§ Exercise directions: Find, in the records below, the line that contains "Volume waveform" and the line that contains "Les groupes d’aliments (food groups)". Copy those two lines and everything between them exactly, but not the pictures.

§ Exercise input:
**********

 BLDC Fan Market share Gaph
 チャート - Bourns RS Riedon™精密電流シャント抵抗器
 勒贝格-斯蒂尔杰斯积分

**********

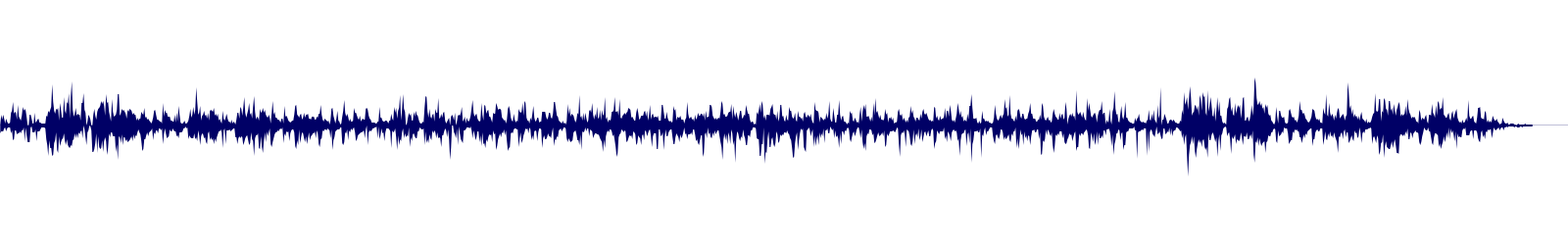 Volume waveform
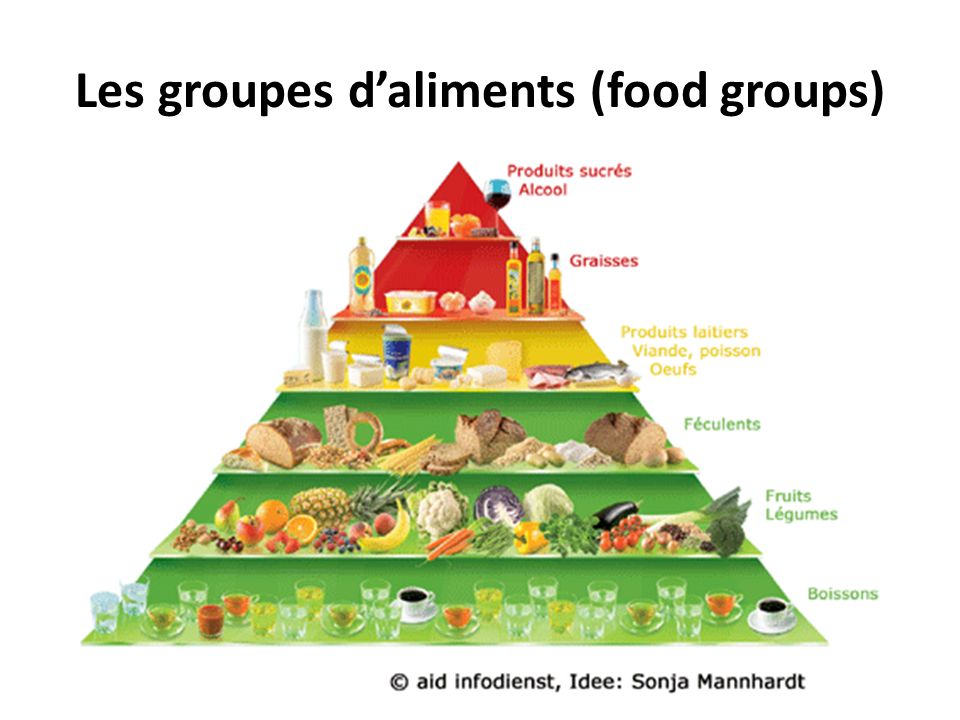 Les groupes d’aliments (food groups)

**********

§ Your response:
 Volume waveform
 Les groupes d’aliments (food groups)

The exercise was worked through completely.